Leaving the guesthouse in the morning, our driver is Ed, a man who owes us nothing, but as a friend of a friend, is willing to drive us for the day. His English is impeccable, and his driving even better. Driving in Manila is a skill, a culture, a value. It’s probably the only place where a Filipino is culturally allowed to be aggressive. And if one is not aggressive, one is lost. But if there is space, it is to be shared – that’s a value.
We head south through traffic, through squatter villages, through beautiful subdivisions that shriek money, and eventually arrive in a community given to the minority people of the south. Here we connect with anotherman, G, who gives us a summary of his organization that exists to give micro-loans and help people in this community of abject poverty.
After a quick lunch, we walk with G through the community. At one door he checks to see if the family is home, and finding them there, we are invited inside. We leave our shoes at the door and crowd into the tiny sitting room/kitchen that is the entire first floor. Seven people live in this home of about 300 square feet. Ate Jura, the mom, makes us welcome while her grown son and his new wife tell us about their work abroad.
We see Ate Jura slip out the back of the room, purse in hand, and know from James’ talk yesterday that she is going for snacks. The students give each other knowing glances. They are getting savvy to culture. Soon she returns with two bottles of cold soft drinks and finds enough glasses for all the visitors to have a drink. Not to serve guests a drink would be unthinkable. We carefully leave a half inch at the bottom of our glasses to show we had enough, and refuse the seconds proffered. Later we see the younger children slipping a glass of soda too – a real treat for them that would not have been had we’d drunk seconds.

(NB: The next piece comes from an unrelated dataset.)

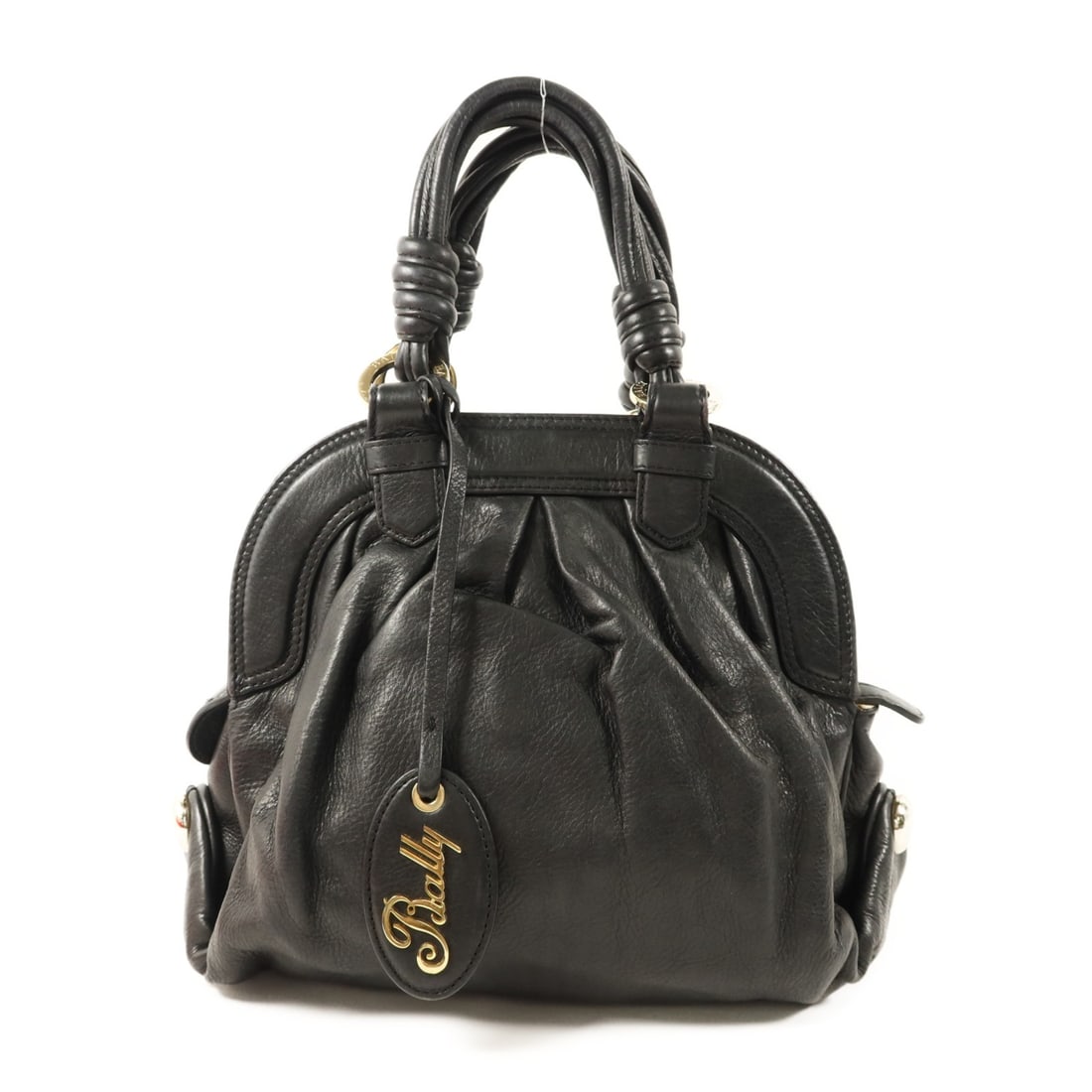 Bally Black Calfskin Leather Handbag: Bally Black Calfskin Leather Handbag BALLY handbag in black calfskin (cowhide) leather, designed in a regular women's size. It features a black frame color, a handle drop of 32 cm, and a practical int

After much discussion and a prayer of blessing on the newlyweds, we head out again, walking the streets with G as he introduces us to shopkeeper after shopkeeper who are his clients. Everyone knows Kuya G. Two little girls attach themselves to my husband, and he gently takes them with us, chatting in a mix of Tagalog and English.
As the afternoon wanes we bid G goodbye and head north through the city. Our goal is to see the American Cemetery before it closes, and we barely make it. So much has been built in this south end of the city that we struggle to find it. A breakfast discussion on WWII had piqued the interest of the students, and now they walk the wide marble monuments with huge mosaic maps of the Pacific Theater. Across the gentle grassy hills are white crosses, shadowed in the falling sunlight. A little slice of America, polished and sparkling clean, but a reminder that those who lay in the graves and who are named on the walls fought anything but a clean and polished war for our freedom.
Quietly we leave to find our way back to the guesthouse. A full day, a day of exploration, a day of learning. A day to look ahead and a day to look back. A day of history, and a day of community.
Pakikisama.
1 comment:
Memories . . . to say the least.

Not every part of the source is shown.